### [WHAT IS NEEDED]
Exactly the lines from the one containing "Struttura del Letto" through the one containing "Lab Grown Diamond Earrings Supplier in Yellow Gold 14kt Lab" in the listing below are to be copied, with the pictures left out.

### [SOURCE INFORMATION]
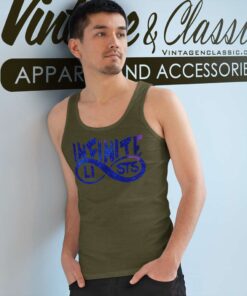 Infinite Lists Blue Galaxy Logo Shirt 8 Infinite Lists Blue Galaxy Logo Tank Top Racerback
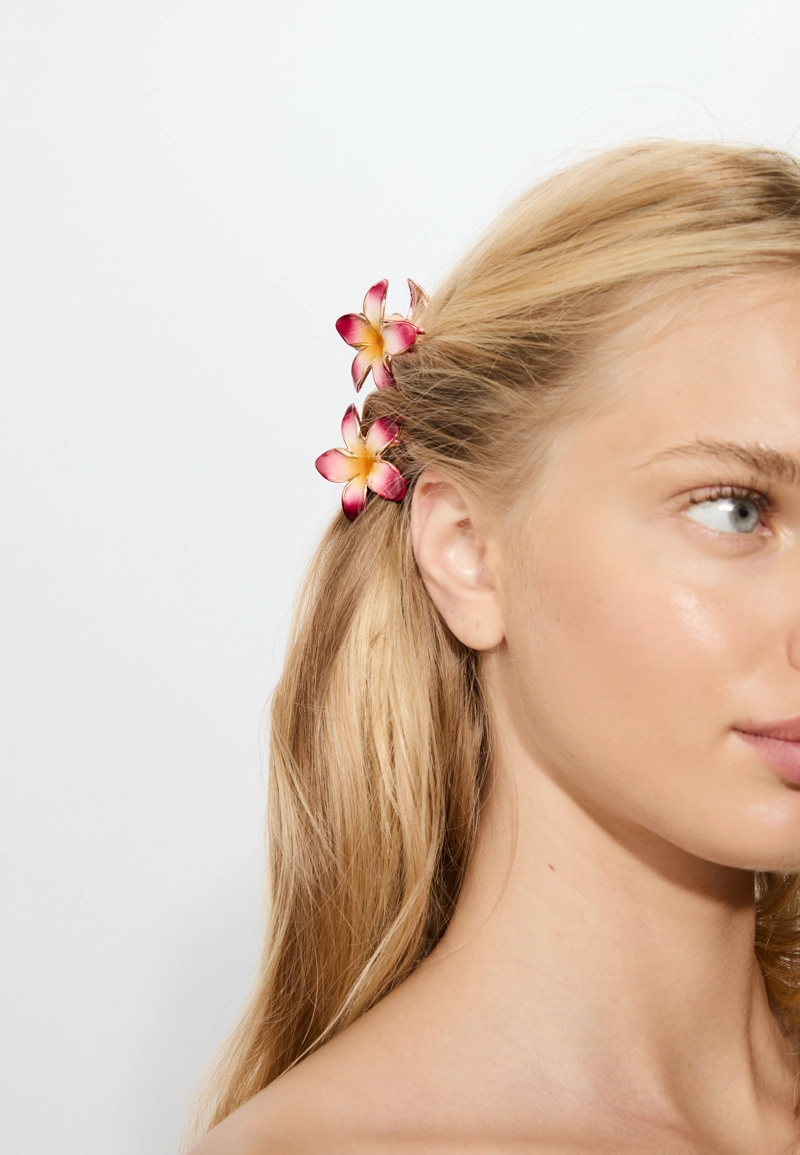 Набор из 3 заколок-цветов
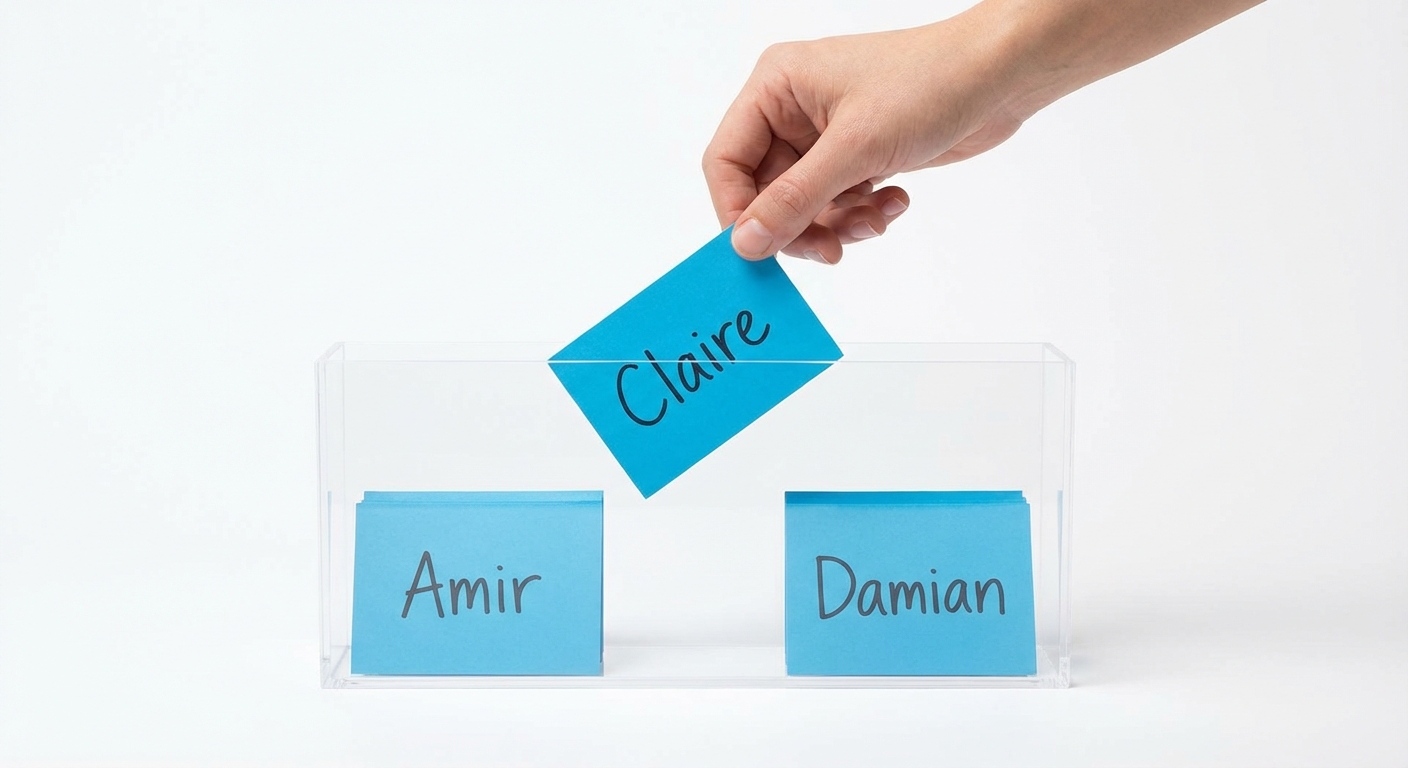 Claire'in adı çekildi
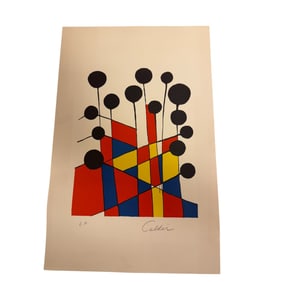 Alexander Culder Signed Artist Proof Lithograph "Balloons" circa 1971 unframed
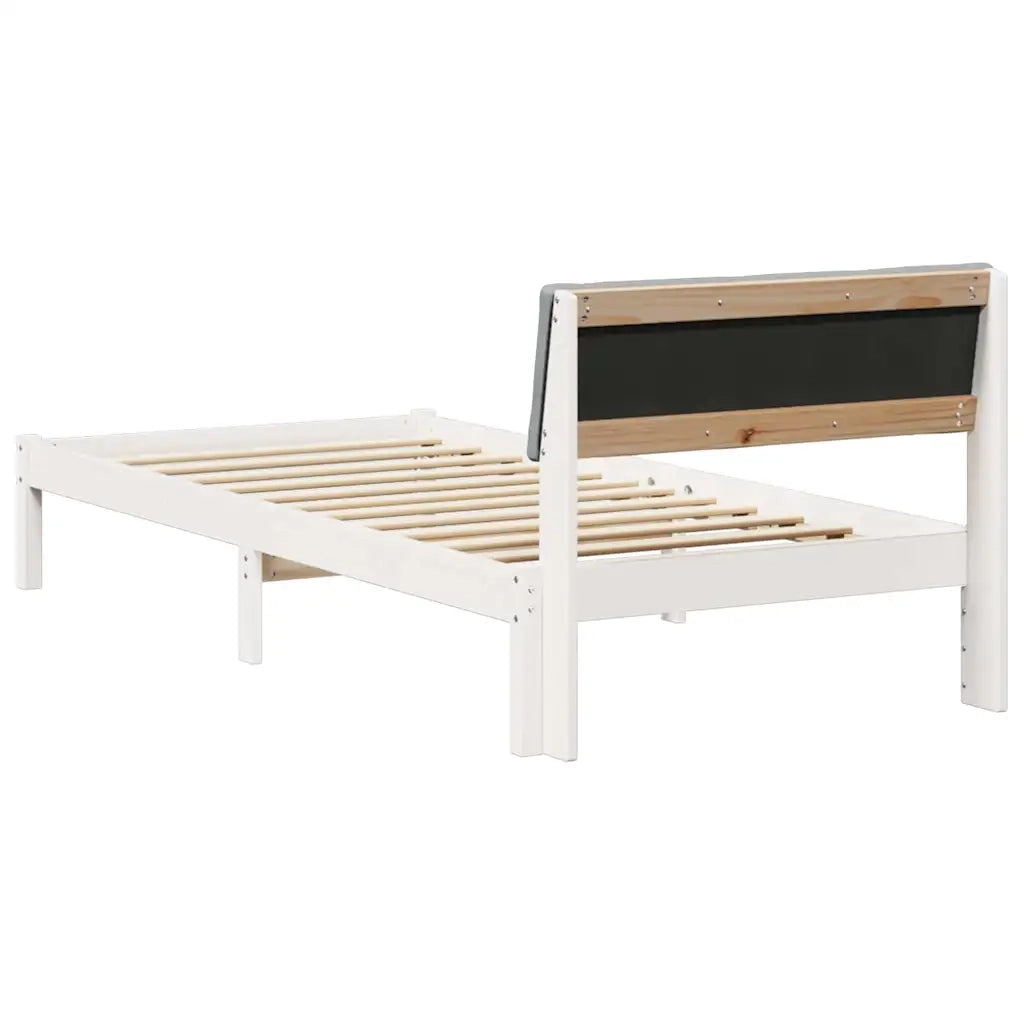 Struttura del Letto Bianco e grigio chiaro 90 x 190 cm 878578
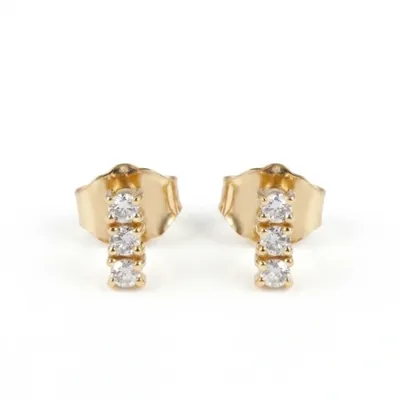 Lab Grown Diamond Earrings Supplier in Yellow Gold 14kt Lab Grown Diamond Earrings Supplier in Yellow Gold 14kt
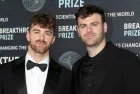 The Chainsmokers ( Andrew Taggart^ Alex Pall) at the 9th Breakthrough Prize Ceremony Arrivals at the Academy Museum of Motion Pictures on April 15^ 2023 in Los Angeles^ CA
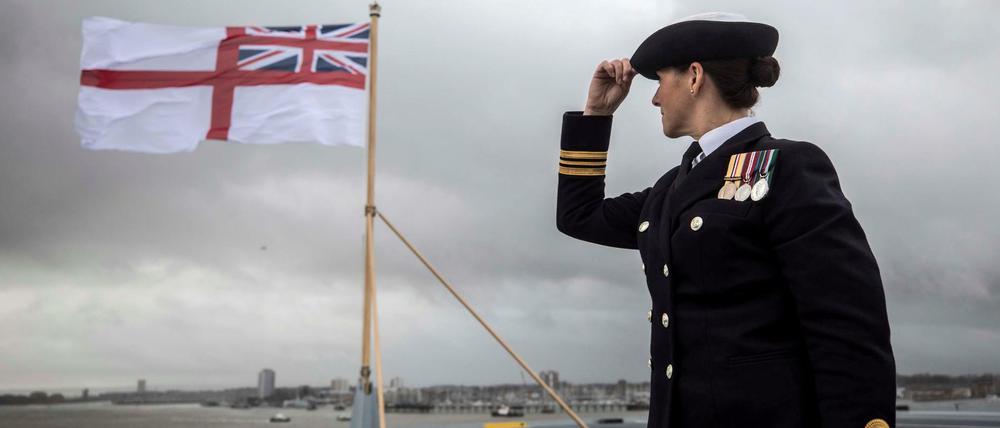 Mit dem neuen Flugzeugträger HMS Queen Elizabeth kann London Kampftruppen schnell weltweit zum Einsatz bringen.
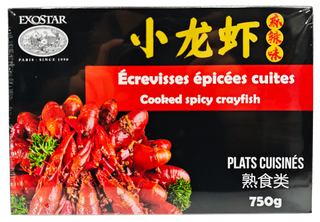 ÉCREVISSES CUITES AVEC SAUCE 750G - SAVEUR AU CHOIX Exostar Paris
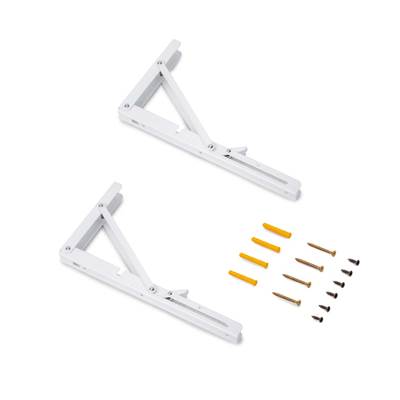Jeu Supports pliables long. 303mm Acier blanc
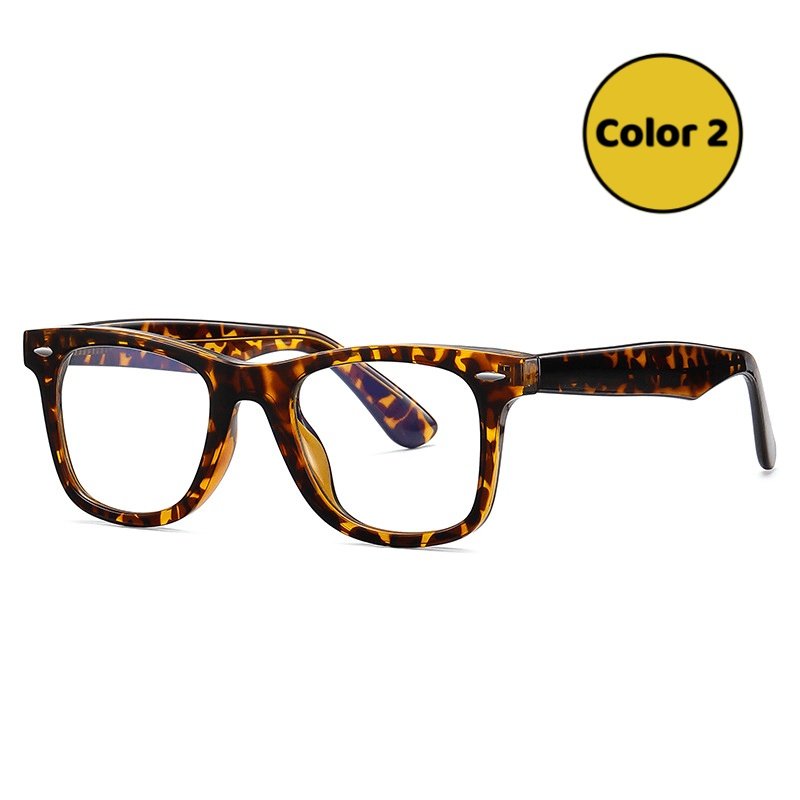Retro Black & Orange Glasses - Trendy Myopia Frames for All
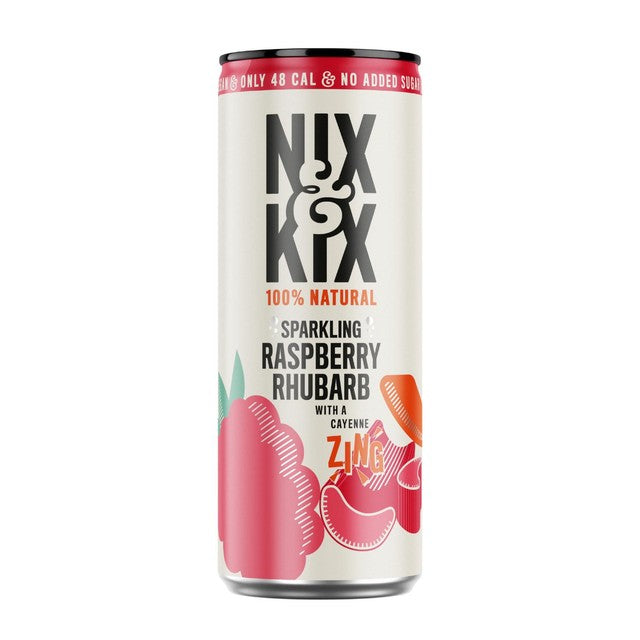 Nix & Kix Raspberry & Rhubarb drink 250ml, imported from the UK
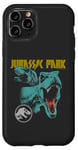 Coque pour iPhone 11 Pro Jurassic World T-Rex Rock Band Distressed Logo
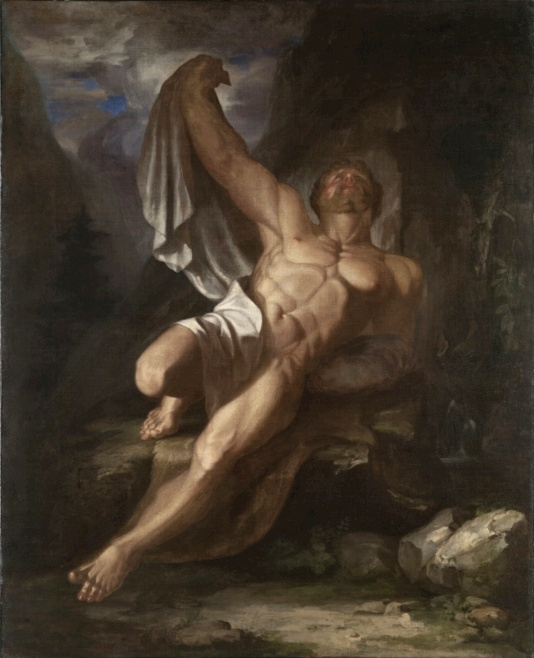 Умирающий Геркулес, 1813 г. 

В Королевской академии художеств Морзе учился в студии Бенджамина Уэст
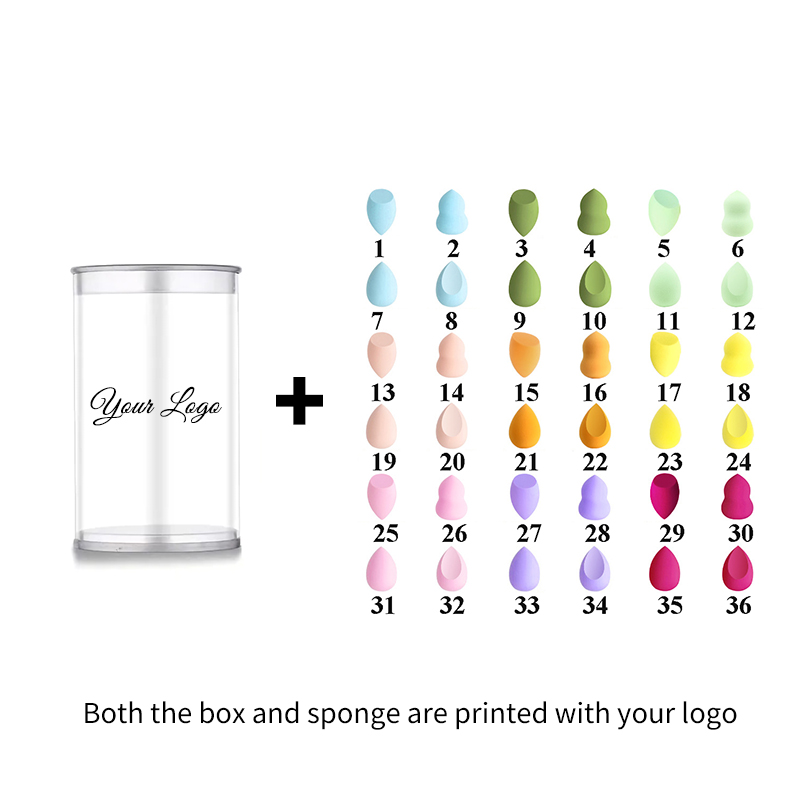 25pcs Custom Logo Black Box Be - огляд і ціна Beauty Blender In Makeup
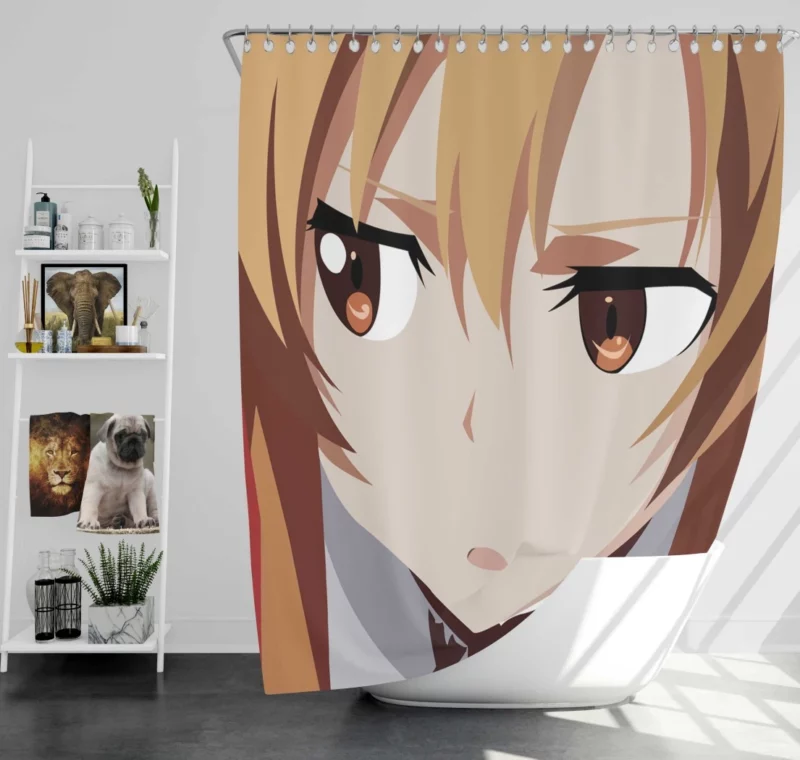 Asuna Yuuki Navigating Sword Art Online Anime Shower Curtain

### [OUTPUT BELOW]
 Struttura del Letto Bianco e grigio chiaro 90 x 190 cm 878578
 Lab Grown Diamond Earrings Supplier in Yellow Gold 14kt Lab Grown Diamond Earrings Supplier in Yellow Gold 14kt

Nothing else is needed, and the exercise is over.